In carrying out its responsibilities pursuant to any agreements associated with the CDFI Bond Guarantee Program, all Qualified Issuers, Eligible CDFIs, Program Administrators, Servicers, and the Master Servicer/Trustee shall comply with all applicable Federal, State, and local laws, regulations, and ordinances, OMB Circulars, and Executive Orders, including restrictions on lending to entities with delinquent Federal debt.

§ 1808.623 Lobbying restrictions.

No fees or funds made available under this part may be expended by a party to pay any person to influence or attempt to influence any agency, elected official, officer or employee of a State or local government in connection with the making, award, extension, continuation, renewal, amendment, or modification of any State or local government contract, grant, loan or cooperative agreement as such terms are defined in 31 U.S.C. 1352.

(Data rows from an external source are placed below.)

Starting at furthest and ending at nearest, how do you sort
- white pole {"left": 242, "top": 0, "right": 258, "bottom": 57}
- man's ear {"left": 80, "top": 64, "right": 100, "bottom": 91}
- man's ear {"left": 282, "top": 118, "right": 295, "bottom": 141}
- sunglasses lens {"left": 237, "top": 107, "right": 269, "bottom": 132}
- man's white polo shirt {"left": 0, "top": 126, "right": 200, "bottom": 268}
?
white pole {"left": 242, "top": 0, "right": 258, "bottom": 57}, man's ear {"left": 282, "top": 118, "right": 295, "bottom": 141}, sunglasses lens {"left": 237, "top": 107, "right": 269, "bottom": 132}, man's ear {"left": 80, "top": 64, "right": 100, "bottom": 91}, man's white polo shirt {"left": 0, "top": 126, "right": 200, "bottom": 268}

§ 1808.624 Criminal provisions.

The criminal provisions of 18 U.S.C. 657 regarding embezzlement or misappropriation of funds are applicable to all CDFI Bond Guarantee Program participants and insiders.

§ 1808.625 CDFI Fund deemed not to control.

The CDFI Fund shall not be deemed to control a CDFI Bond Guarantee Program participant by reason of any Guarantee provided under the Act for the purpose of any applicable law.

§ 1808.626 Limitation on liability.

The liability of the Federal Government arising out of any fees or funds obtained by a CDFI Bond Guarantee Program participant in accordance with this interim rule shall be limited to the amount of the fees or funds obtained by the CDFI Bond Guarantee Program participant. The Federal Government shall be exempt from any assessments and other liabilities that may be imposed on controlling or principal shareholders by any Federal law or the law of any State. Nothing in this section shall affect the application of any Federal tax law.

§ 1808.627 Fraud, waste and abuse.

Any person who becomes aware of the existence or apparent existence of fraud, waste or abuse of any Guarantee, Bond, Bond Loan or Secondary Loan provided under this interim rule must report such incidents to the Office of Inspector General of the U.S. Department of the Treasury.